Only three parties above 10 percent electoral threshold, poll shows

A recently conducted survey showed three parties attracting more than 10 percent of votes - the minimum threshold needed to enter parliament. It put support at 36 percent for the ruling AKP, 29 percent for the main opposition CHP, 10.4 percent for the HDP. The survey also showed that combined public support for the AKP and its far-right ally MHP has fallen to 44 percent.

Duvar English

If parliamentary elections were held today in Turkey, only three political parties would exceed the 10 percent election threshold, according to a recent survey conducted by Sosyo Politik Research Center.
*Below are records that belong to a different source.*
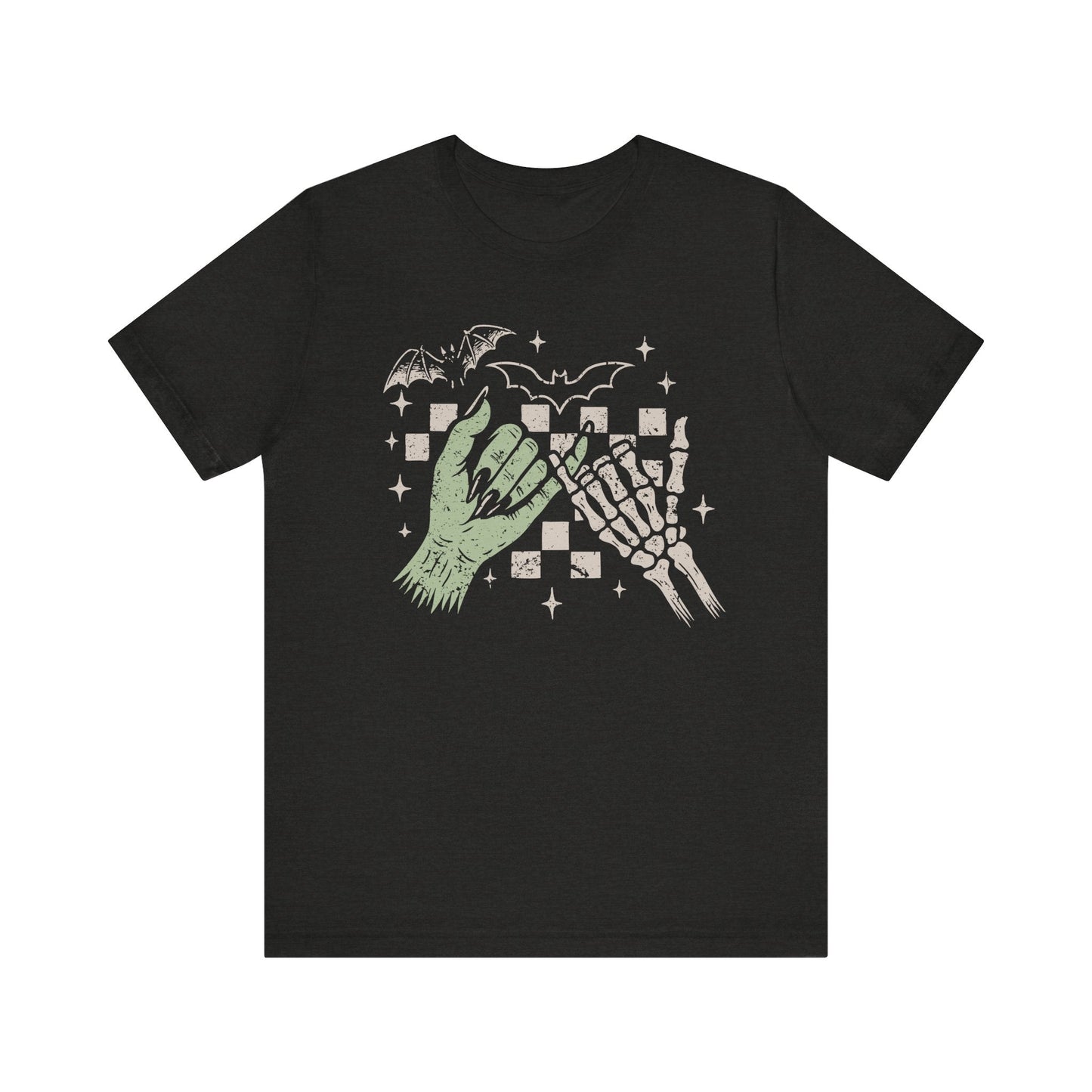 "Halloween Besties" Distressed Halloween Teacher T-shirt - Teacher Care Crate - T-Shirt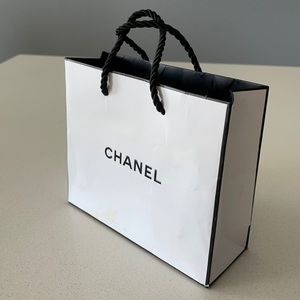 Authentic Chanel Paper Gift Bag XS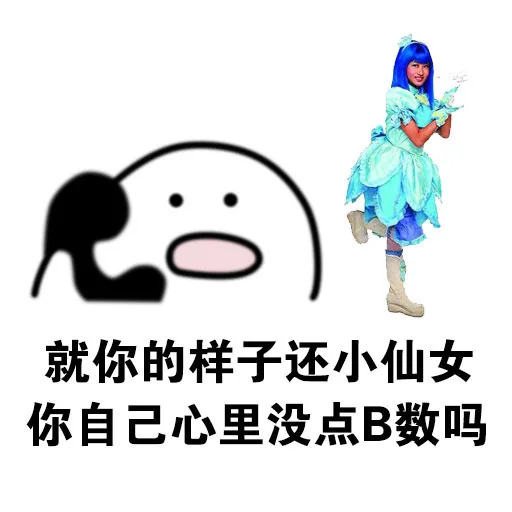 就你的样子还小仙女，你自己心里没点 B 数吗（就你的样子还小仙女，你自己心里没点 B 数吗）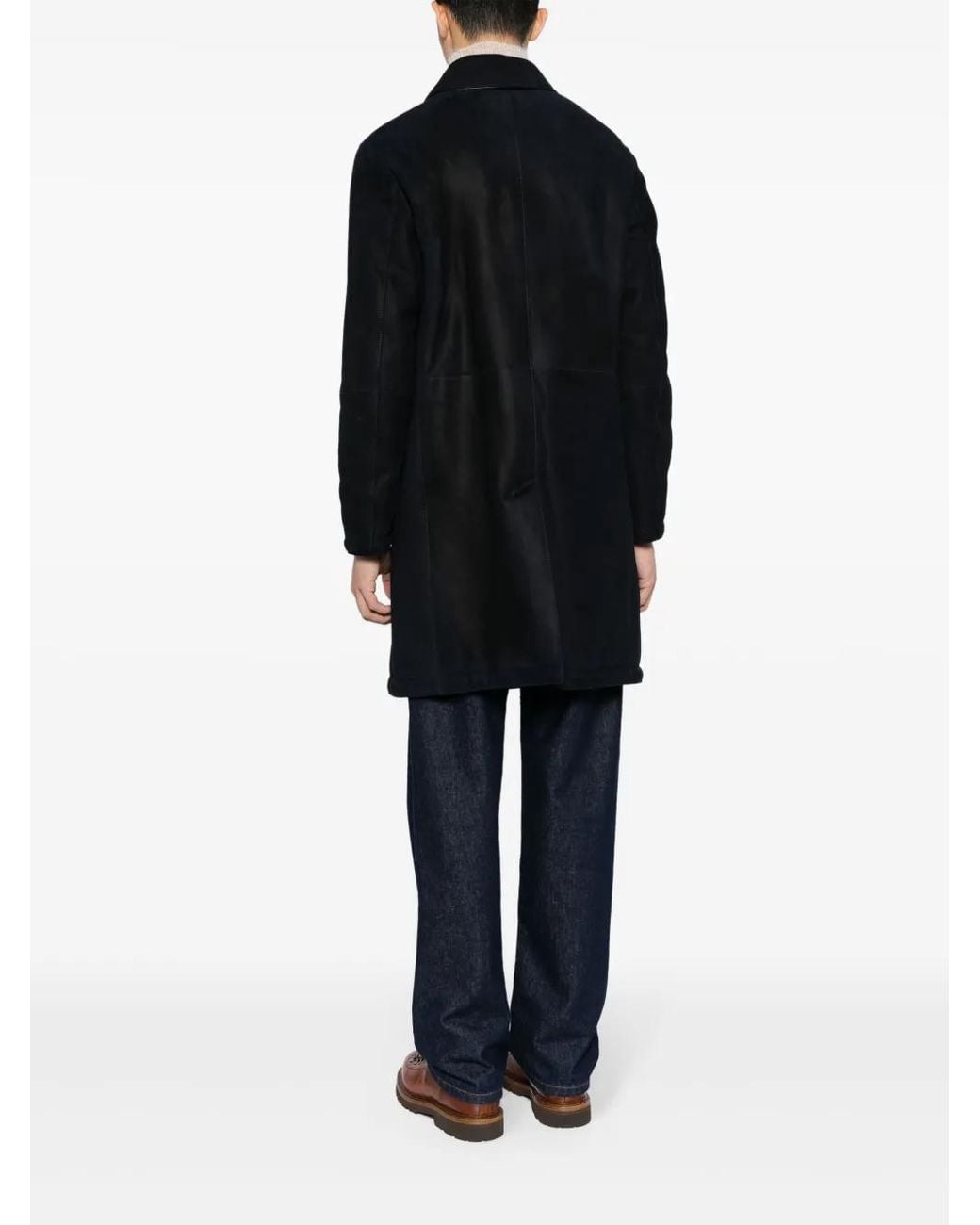 Brioni Leren Jas in het Black voor heren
The survey put the support at 36 percent for the ruling Justice and Development Party (AKP), 29 percent for the main opposition Republican People's Party (CHP) and 10.4 percent for the Peoples' Democratic Party (HDP).
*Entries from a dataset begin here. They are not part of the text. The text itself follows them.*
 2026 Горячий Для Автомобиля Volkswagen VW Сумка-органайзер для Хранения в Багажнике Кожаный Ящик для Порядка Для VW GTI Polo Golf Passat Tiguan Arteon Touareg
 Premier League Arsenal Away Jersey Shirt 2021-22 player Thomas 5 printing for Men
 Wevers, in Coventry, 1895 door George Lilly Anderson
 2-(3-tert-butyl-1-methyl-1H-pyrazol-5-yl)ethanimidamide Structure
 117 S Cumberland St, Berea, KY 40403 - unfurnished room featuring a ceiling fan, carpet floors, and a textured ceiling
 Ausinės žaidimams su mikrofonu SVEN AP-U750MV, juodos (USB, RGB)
The İYİ (Good) Party and Nationalist Movement Party (MHP) would each garner less than 10 percent of the votes, the results showed.

The survey was conducted between Feb. 15-19 in Turkey's 18 provinces through face-to-face interviews and telephone calls.

People's Alliance between the AKP and MHP would receive a combined 44 percent of the votes, according to the survey. The AKP-MHP alliance needs a parliamentary majority to make constitutional changes.

Three AKP officials told Reuters last week that the party is considering changes to electoral laws which could rescue its prospects in elections due to be held by 2023.

For the first time, pollsters say, disenchanted supporters who drifted away from the AKP appear unlikely to be won back.

Three AKP sources who spoke on condition of anonymity said that plans included dividing large urban electoral districts into smaller constituencies, changes which one party official said could significantly boost the number of AKP lawmakers.

They could also cut the threshold for entering parliament - currently at 10 percent of votes, one of the highest in the world - to 7 percent, a move that would reassure Erdoğan’s nationalist partners.

A 7 percent barrier would still be high enough to bar the breakaway Future and DEVA parties, both polling around 2 percent, from entering parliament unless they were part of a larger alliance.